The story overall was excellent, and the pacing was particularly noticeable for me. A lot of RPGs can make it feel awkward or “non-canonical” for the character to spend time engaging in side quests and advancing companion storylines, but the writing in Veilguard managed to tie it all together very nicely. The character is encouraged to (and rewarded for) going deep and broad, and completionists will be rewarded for their efforts. There are story beats where it feels “right” to rush ahead through a sequence of story quests, and times where it feels “right” to spend some time on yourself and your allies. The quests were deep and varied and tied into the overall plot (or one of your character’s relationships or allies), and I never felt like I was being sent on an errand, which made the 75 hours I spent completing the game fly by. There were plenty of major set piece battles and quests throughout the adventure, and they all feel consequential, emotional, and atmospheric… and, true to its name, it has no shortage of dragon encounters! The final battle was a satisfying capstone to the game, with plenty of opportunities to see the result of your actions (and inaction) come full circle. It was long enough, without dragging or feeling repetitive, and the endings feel well-done.

Combat

The core combat system is a significant highlight for me, delivering a punchy and rewarding experience where every victory feels hard-earned, even though I was playing on the default difficulty and was never really in danger (I only ended up using two revives total in the entire playthrough). Higher difficulties look like they ratchet the difficulty up in ways that I can definitely see being worthwhile for subsequent play-throughs or for players seeking more of a challenge: timings will be tighter, party composition will be more important, and optimizing for weak points, enemy weaknesses, and player resistances will become more important. Sound and audio cues are plentiful, though on the settings I was using the combat graphics can get pretty busy and make it hard to see some of the “tells.”

Gameplay

This satisfying gameplay is complemented by stunning graphics and in-engine cinematics that I often took time to enjoy (and/or screenshot) just on their own. Each of the primary locations has its own visual style, and each one is cinematic and atmospheric and offers plenty of opportunities to take in the scenery and enjoy the complaints of your graphics card. Once I resolved some instability with my graphics card itself that required tuning the clock down a bit, the Nvidia optimized settings for Veilguard ended up being almost perfect for me, with the game running at 60fps for a huge majority of my play-time.

Exploration

Exploration in Veilguard is rewarding, with things to find (and the accompanying small hit of dopamine) around every corner. The maps are unique and littered with puzzles and secrets that make venturing off the beaten path consistently feel rewarding. The puzzles were generally pretty easy, with a few head-scratchers thrown in for good measure, but some did border on the tedious. I suspect that even the ones that were fun to figure out on the first play-through might end up feeling like a bit of a drag on a replay. Another thing to note for explorers and completionists: the game will frequently take you back to a place somewhat after it opens up, so you might find yourself retreading your steps and walking past treasure chests that you stumbled across in your explorations as part of some later quest. It’s also worth noting that the first time you visit a number of the “permanent” locations, you will be more on-rails and will have the rest of the area open for exploration later, so there will be times where you see something and can’t explore it just yet. I generally didn’t find this to be a problem, but it is a bit unfortunate that there are some quests that you can’t return to, and so any items or upgrades that you miss along the way will be inaccessible to you as you progress and eventually complete the quest. (I’m not 100% sure, but on reflection it seems like you may be able to tell whether you can return to a setting by whether there is an Eluvian on the map when you enter.)

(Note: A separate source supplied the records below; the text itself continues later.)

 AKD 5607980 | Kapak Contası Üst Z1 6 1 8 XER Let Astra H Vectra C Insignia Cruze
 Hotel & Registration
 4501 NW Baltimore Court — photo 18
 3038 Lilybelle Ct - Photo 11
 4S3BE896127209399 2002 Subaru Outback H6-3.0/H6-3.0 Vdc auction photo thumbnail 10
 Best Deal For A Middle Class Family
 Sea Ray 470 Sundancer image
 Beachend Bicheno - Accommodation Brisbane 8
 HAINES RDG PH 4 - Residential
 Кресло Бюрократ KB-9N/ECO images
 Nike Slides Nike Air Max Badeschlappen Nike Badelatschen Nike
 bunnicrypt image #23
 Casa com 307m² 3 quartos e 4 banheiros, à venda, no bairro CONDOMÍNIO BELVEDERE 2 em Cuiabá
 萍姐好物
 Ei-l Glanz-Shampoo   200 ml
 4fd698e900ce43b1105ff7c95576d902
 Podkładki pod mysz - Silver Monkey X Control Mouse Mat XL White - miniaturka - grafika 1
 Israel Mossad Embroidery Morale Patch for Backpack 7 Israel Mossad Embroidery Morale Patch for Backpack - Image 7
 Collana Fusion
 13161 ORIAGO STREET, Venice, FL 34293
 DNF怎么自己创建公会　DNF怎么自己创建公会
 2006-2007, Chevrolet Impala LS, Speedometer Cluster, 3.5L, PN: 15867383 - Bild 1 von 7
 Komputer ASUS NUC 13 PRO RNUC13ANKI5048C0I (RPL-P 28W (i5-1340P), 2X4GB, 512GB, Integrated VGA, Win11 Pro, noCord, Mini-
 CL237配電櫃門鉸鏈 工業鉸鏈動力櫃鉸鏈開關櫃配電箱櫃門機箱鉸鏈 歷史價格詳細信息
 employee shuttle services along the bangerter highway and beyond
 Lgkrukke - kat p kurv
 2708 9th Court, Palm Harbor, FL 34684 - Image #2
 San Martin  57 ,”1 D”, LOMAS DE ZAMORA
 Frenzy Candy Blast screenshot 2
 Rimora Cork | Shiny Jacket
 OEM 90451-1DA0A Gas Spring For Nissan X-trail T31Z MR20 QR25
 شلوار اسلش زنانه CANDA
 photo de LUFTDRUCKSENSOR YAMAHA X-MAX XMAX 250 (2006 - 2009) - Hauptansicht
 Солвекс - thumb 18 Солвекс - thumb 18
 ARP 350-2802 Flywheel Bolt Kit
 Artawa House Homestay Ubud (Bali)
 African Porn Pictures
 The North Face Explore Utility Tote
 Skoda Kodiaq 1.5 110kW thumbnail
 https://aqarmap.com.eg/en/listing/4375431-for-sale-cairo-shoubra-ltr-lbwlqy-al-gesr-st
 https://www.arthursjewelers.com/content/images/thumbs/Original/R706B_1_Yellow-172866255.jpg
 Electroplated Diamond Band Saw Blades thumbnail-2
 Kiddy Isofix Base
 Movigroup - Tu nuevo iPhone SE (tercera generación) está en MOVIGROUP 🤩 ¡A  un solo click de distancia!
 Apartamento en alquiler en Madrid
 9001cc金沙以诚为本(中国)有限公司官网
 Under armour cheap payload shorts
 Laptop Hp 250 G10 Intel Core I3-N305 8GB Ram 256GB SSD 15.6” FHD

Another charming detail worth noting: You can pet the cats! And there are lots of them. And, if you have a controller, it will treat you to a nice rumble along with their purring. (There are also some dogs, but not nearly as many. Also, the dogs don’t purr.)

Companions

Companions and squad-mates are a staple of Bioware games, and Veilguard is no exception. I found this crop to have a lot of depth and a staggering amount of banter, to the point where it seems like you might never hear it all, even after repeated play-throughs. One thing I appreciated was that a lot of the inter-companion banter during quests would pick up where it left off (with some suitable “… so where was I …”) if it is interrupted by combat. The individual characters’ story arcs were really fleshed-out and well-integrated into the world, and aren’t shy about making you feel things either. These arcs make the companions feel alive and make the risks you are taking as part of the story feel more weighty. You get to see the impact your character has on the companions as they wrestle with their past or their desires or their insecurities, and there are meaningful choices to make along the way. No two companion arcs are the same, and they have a mix of “conversation” and “combat” sections throughout. Funnily enough, the richness of these companion arcs is so compelling that it made me realize that the player’s character (at least with the Veilguard background) actually doesn’t have nearly the same kind of development, beyond the central plot at least. I felt like it picked up a bit at the end, but “I” never really felt as well-developed as my companions did, though this may well be desirable from a game design standpoint to allow the player more freedom to choose motives and internal desires for the PC. The voice acting is predominantly good for both Rook and his companions, with a few excellent moments and a few awkward ones here and there.

Progression

The rate at which you acquire talent points, unlock new talent trees, and upgrade your weapons feel good, ensuring a constant feeling of advancement. The talent tree I had for the Warrior felt pretty fun, and I never felt like I had to go through “bad” nodes to get to the ones I wanted. By the end, I definitely felt like I had gotten to all of the nodes that I wanted and had found some fun ones that I didn’t know I needed. I was initially not sure which of the “champion” trees I was going to enjoy, but I was pleasantly surprised to find that the early-game and foundational skills were very fun and ended up leading me naturally toward the champion tree that worked well with them. You can also freely change around your talent points, though after a certain point doing so would be very daunting due to the sheer number of points you accrue. I will say that if you are thinking of hitting the “reset all talents” button, you might want to screenshot your build, since it could be very difficult to remember where you put everything if you end up wanting to go back. There is an arena that unlocks partway through that provides a useful space to practice builds and get a feel for different companion synergies, though it quickly gets to the point where it is too “easy,” which might make it useless for optimizing late-game builds on higher difficulties. It’s also worth noting that player power (and survivability) can be earned through exploration, not just from completing quests and slaying monsters. I found that the default difficulty offered a balanced challenge, and my character’s journey from a “squishy” warrior who can’t time a parry to save his life into an indestructible tank wielding flaming weapons as he ricochets around the battlefield was enjoyable.

Technicals

On the technical side, while the graphics are visually stunning, I was not a fan of the facial animation when simultaneously smiling and talking, though the other animations were fine for me. I definitely picked more of the stoic, angry, emotional, etc dialogue options as a result. The lighting, particularly on the hair, is much more cinematic and atmospheric than prior installments of the game (or, at least, with the settings I’ve been able to play on).

Wrap-up

As a long-time player of Bioware titles, I think Veilguard is clearly cut from the same cloth and makes good use of the “style” that we’ve come to know and love. The companion system feels like an evolution of the one in Mass Effect 2, for example, doubling down on the story arcs and the player’s involvement with them. They even took another pass at what feels like the dream sequences from Mass Effect 3, learning from fans’ criticisms and making it feel great. The dialogue wheel, companion banter, player base, faction reputation system, exploration progress tracking, map systems, fast travel, etc all feel like they build on successful foundations, and occasionally even improve upon them.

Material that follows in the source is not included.